To make matters worse, MGB primary care doctors, who get coughed and sneezed on countless times a day and are under great stress, do not get sick days. Any days we must take off because of illness are docked from our vacation days. So if we get sick, we have to choose whether to sacrifice vacation time or to go to work and risk infecting others. The choice may seem obvious, but if there ever were a profession in which one needed time off to recharge one’s batteries, it is ours.
My primary care clinic has lost about half of its doctors in the past several years. This has been a disaster for patient care. An affiliated Brigham and Women’s Hospital practice in Chestnut Hill also recently lost 10 of its 14 primary care doctors, who resigned to join a Wellesley practice affiliated with Beth Israel Lahey Health.
One colleague who left my practice bluntly said, “I want to work somewhere where they give you sick days.” She has two young children and was having trouble making ends meet between child care, paying off her student debt, and ever-increasing work demands.
Meanwhile, decision-makers at my hospital system are apparently prioritizing executive salaries (often in the seven digits), advertising, and ambitious expansion plans, such as the $1.9 billion project to build two new Mass General towers on Cambridge Street.
Every time the MGB system gives primary care doctors a pay cut (real or relative to inflation), makes us see more patients, or imposes time-consuming bureaucratic requirements on us, we are utterly powerless. There is no effective mechanism through which we can push back. Medical leadership offers us “town hall meetings,” “factual updates” in response to the unionization attempt, and “listening sessions,” but responses to our feedback rarely materialize.
We have filed to join the Doctors Council of the Service Employees International Union. (MGB’s lawyers pushed back, arguing before the National Labor Relations Board that doctors at many MGB primary care practices shouldn’t be allowed to form a union.)

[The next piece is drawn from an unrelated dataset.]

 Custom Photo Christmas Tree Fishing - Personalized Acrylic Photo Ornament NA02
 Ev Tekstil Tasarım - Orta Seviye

Being part of a strong union would open avenues for collective bargaining in which both sides would have a meaningful seat at the table. We could address a host of issues, including cost-of-living raises, paid sick time, a definition of “full-time work” that isn’t 80 to 100 hours a week, sensible investment in primary care staffing and technology, and a reasonable limit to burdensome bureaucratic demands. The hospital system could go back to caring for patients, not just for its bottom line
How would this help patients? To start, it is the only true way to provide for physician retention and recruitment. Patients don’t do well if they can’t find a primary care doctor, or if the doctor is too stressed to listen to them and provide coherent care.
In the end, the health of primary care doctors and the health of their patients are inextricably linked. Our union will help both and deserves widespread support.